Depreciation and amortization expenses are comprised of vessels' depreciation, the amortization of vessels' capitalized dry-dock costs, property and equipment depreciation and intangible assets amortization. Depreciation expenses decreased to $2.3 million in the three months ended December 31, 2025, from $3.6 million in the same period of 2024. The decrease by $1.3 million reflects mainly the decrease in the Ownership Days of our fleet following the sales of vessels discussed above. Dry-dock and special survey amortization charges amounted to $0.5 million for the three months ended December 31, 2025, compared to a charge of $0.3 million in the respective period of 2024. This variation in dry-dock amortization charges reflects mainly the increase in aggregate amortization days resulting from the increase in the number of dry docks that our vessels underwent through the year ended December 31, 2025. More specifically, M/V Magic Starlight and M/V Magic Ariel initiated and completed their scheduled dry-dock during the second quarter ended June 30, 2025 and M/V Magic Celeste initiated and completed its scheduled dry-dock during the third quarter ended September 30, 2025. Further to the above, depreciation and amortization expenses for our asset management segment amounted to $2.0 million for the three-month period ended December 31, 2025, comprising property, plant and equipment depreciation and intangible assets amortization.

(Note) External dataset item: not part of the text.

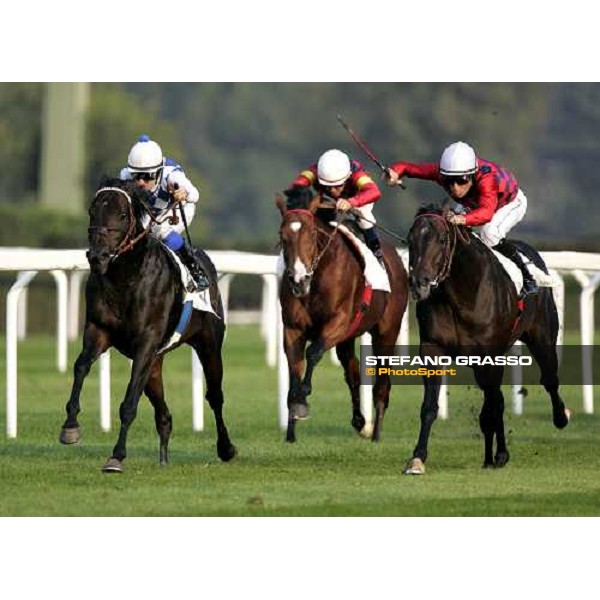 last meters of Premio Carlo Porta - Mirco Demuro on Tobir (winner) and Endo Botti on Montalegre Milan, 14th october 2006 ph. Stefano Grasso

General and administrative expenses in the three months ended December 31, 2025, amounted to $5.3 million, whereas, in the same period of 2024, general and administrative expenses totaled $8.5 million, which included $7.0 million in MPC Capital acquisition-related costs that were incurred during the three months ended December 31, 2024. This decrease was offset by an increase in professional fees and other expenses, audit fees and personnel expenses following the acquisition of MPC Capital.

Loss on vessels held for sale in the three months ended December 31, 2024, amounted to $3.6 million, representing the expected loss from the sale of the containership vessel M/V Ariana A during the following twelve-month period (as assessed at the memorandum of agreement date). We did not record any loss on any vessels held for sale during the three months ended December 31, 2025.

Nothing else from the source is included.